- Data block
########################################

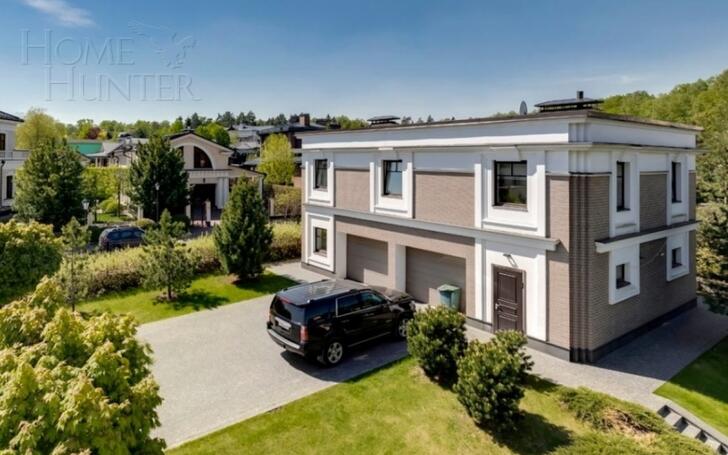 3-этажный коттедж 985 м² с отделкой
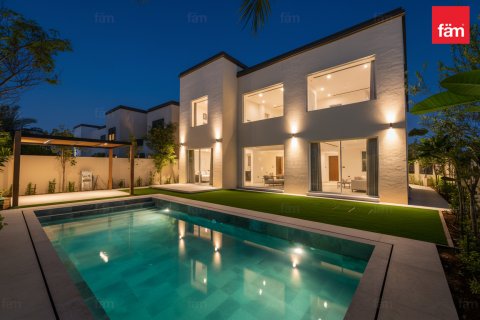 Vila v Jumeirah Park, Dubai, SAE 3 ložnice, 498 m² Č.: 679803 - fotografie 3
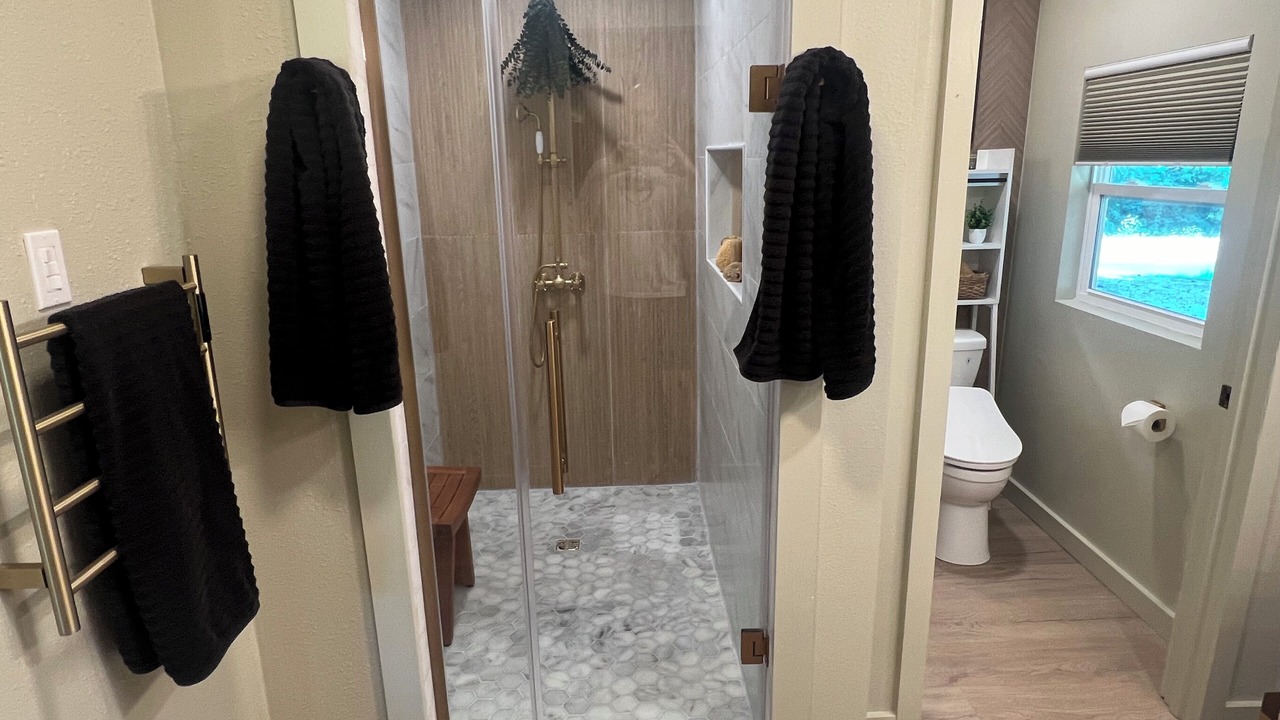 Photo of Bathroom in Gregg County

########################################

Give the data again exactly. Keep the images out.

 3-этажный коттедж 985 м² с отделкой
 Vila v Jumeirah Park, Dubai, SAE 3 ložnice, 498 m² Č.: 679803 - fotografie 3
 Photo of Bathroom in Gregg County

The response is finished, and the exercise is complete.